しかしなぜ1割も悪化するのか? 釈然としません。
純正タイヤより、転がり抵抗が悪いのでしょうが、それにしても転がり抵抗等級Aのタイヤで1割も悪化する理由は? 純正タイヤはそんなに転がり抵抗性能が良いのか!?
数字でハッキリさせたい。転がり抵抗と電費の関係を明らかにします。
クルマがある速度で走行するには、タイヤの転がり抵抗、車体が受ける空気抵抗等からなる走行抵抗に打ち勝つ駆動力が必要です。また駆動系の損失、空調等補機消費電力も生じます。これらの駆動力、損失を駆動用電池から供給することで、速度を維持して走行が可能です。
参考:https://www.isuzu.co.jp/cv/cost/manual/knowledge_2.html
クルマの走行抵抗式に基づき、検討することとします。
まず、走行抵抗式としては、以下となります。
走行抵抗Rrr=転がり抵抗Rr+空気抵抗Ra+勾配抵抗Re+加速抵抗Rc
クルマが加速するには、シャフトやホイール、タイヤ等の回転体の加速エネルギー分も含め車体の加速エネルギーを電池から供給することになりますが、EVの場合にはブレーキ時には回生ブレーキで回収できるので、この要素(加速抵抗Rc)は省略します。

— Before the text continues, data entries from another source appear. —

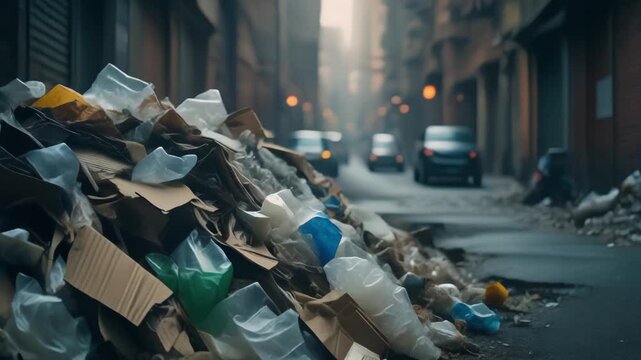 Urban Decay - A City Overwhelmed by Waste and Neglect.
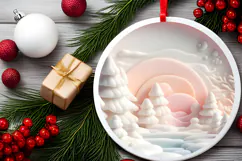 Round Christmass Ornament Sublimation|Clipart Product Image 2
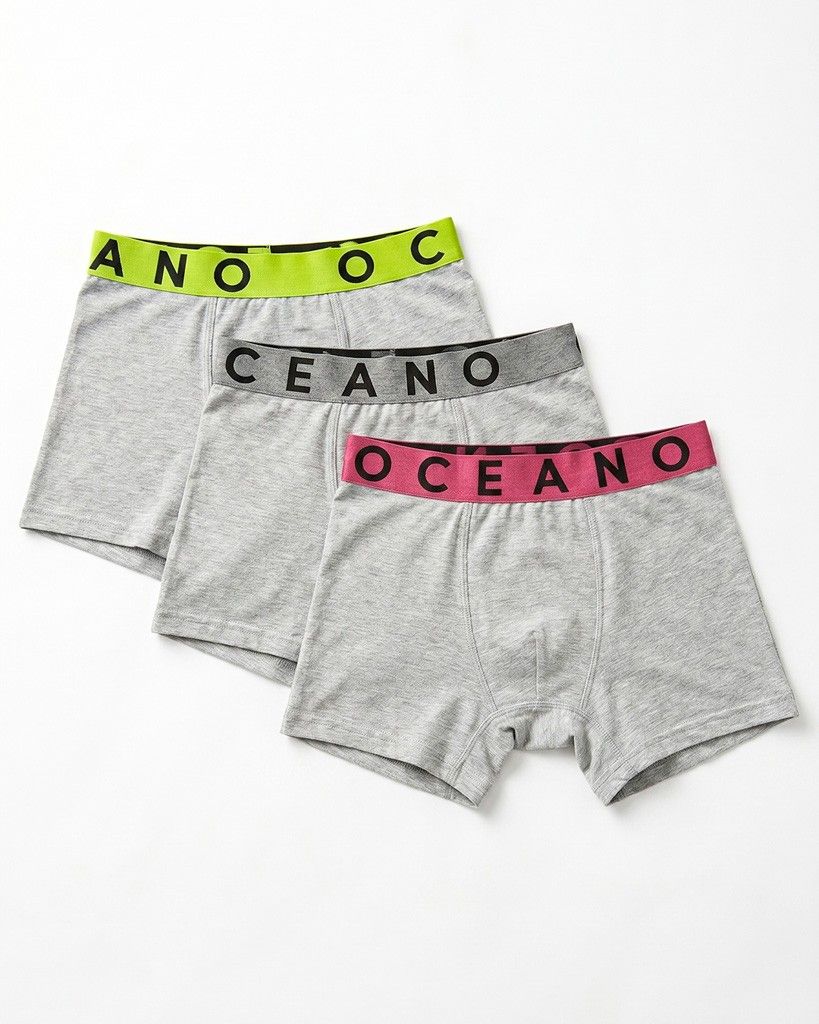 KIT 3 CUECAS BOXER OCEANO MESCLA NEON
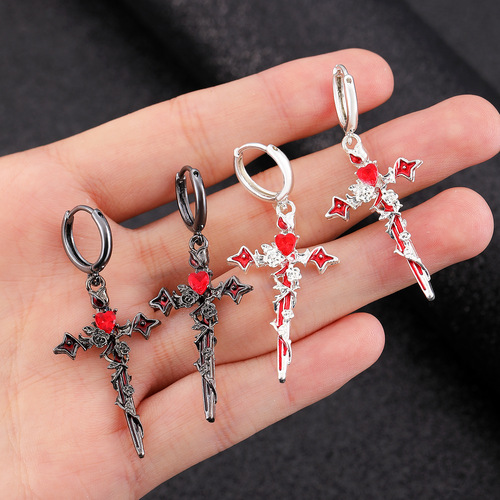 Dark Thorned Spikenard Rose Heart Cross Pendant Earrings for Women with Chain Rivets Punk Earrings for Men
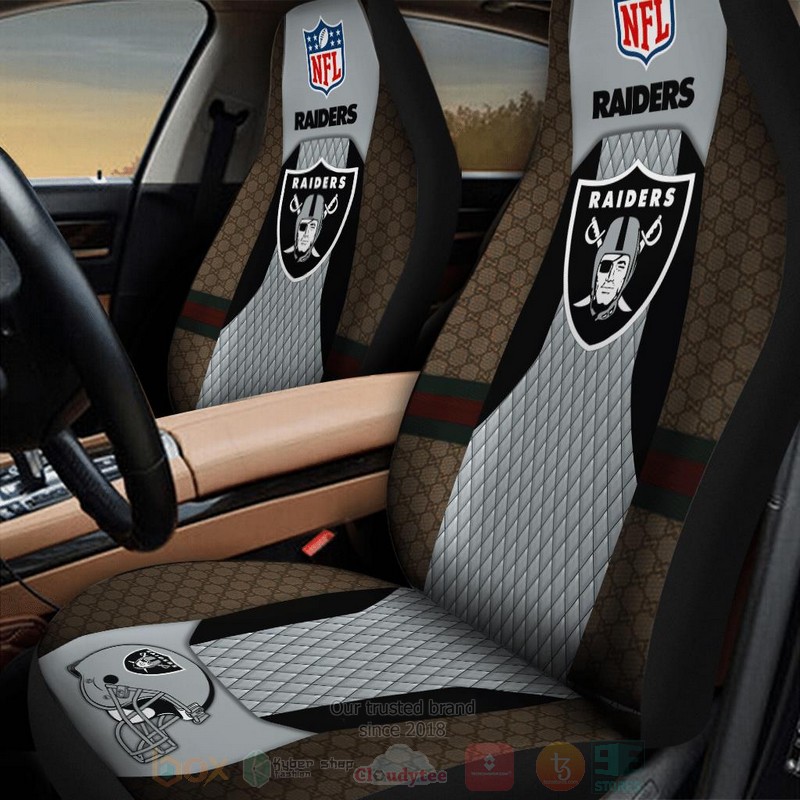 NFL_Las_Vegas_Raiders_Brown-Grey_Car_Seat_Cover_1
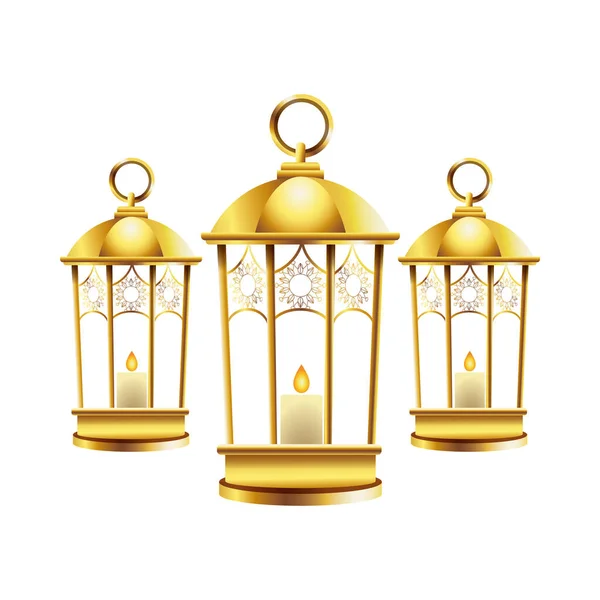 Lámparas de oro ramadán kareem decoración — Vector de stock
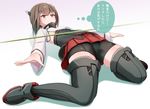  bike_shorts black_legwear brown_eyes brown_hair commentary_request flat_chest hair_between_eyes headband headgear jitome kantai_collection limbo looking_up musaigen_no_phantom_world outstretched_arms panikuru_yuuto parody pleated_skirt short_hair skirt solo taihou_(kantai_collection) thighhighs thighs translated wide_sleeves 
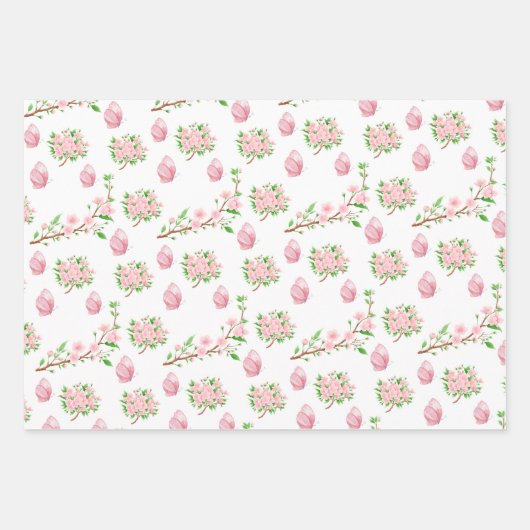 Schöne rosa Blüten und rosa Schmetterlinge Geschenkpapier Set (Vorderseite)
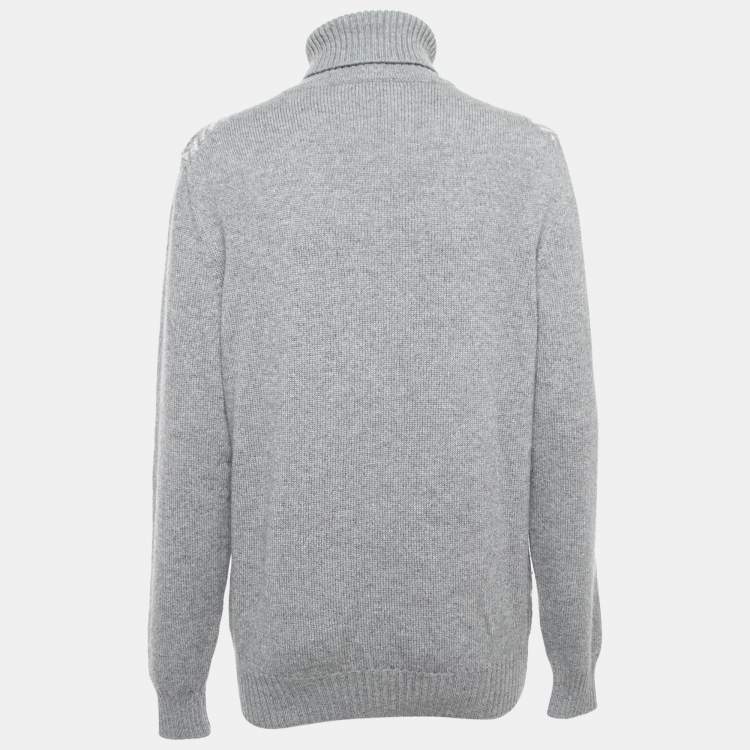 Pre Owned Loro Piana Grey Patterned Cashmere Turtle Neck Sweater XL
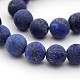 Dyed Frosted Natural Lapis Lazuli Round Bead Strands G-M272-15-10mm-1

また同じくアップダウンでの位置エネルギーも回生ブレーキで回収できるので、平坦路での検討として勾配抵抗Reも省略します。
そうすると、走行抵抗は以下となります。
走行抵抗Rrr=転がり抵抗Rr+空気抵抗Ra
この走行抵抗により生じる損失(仕事率)を計算します。
速度vにおける走行抵抗損失は、以下になります。
走行抵抗損失Prr=転がり抵抗損失Pr+空気抵抗損失Pa
上記の走行抵抗損失に打ち勝つパワーをモータが発生することで、クルマは所定の速度を維持できます。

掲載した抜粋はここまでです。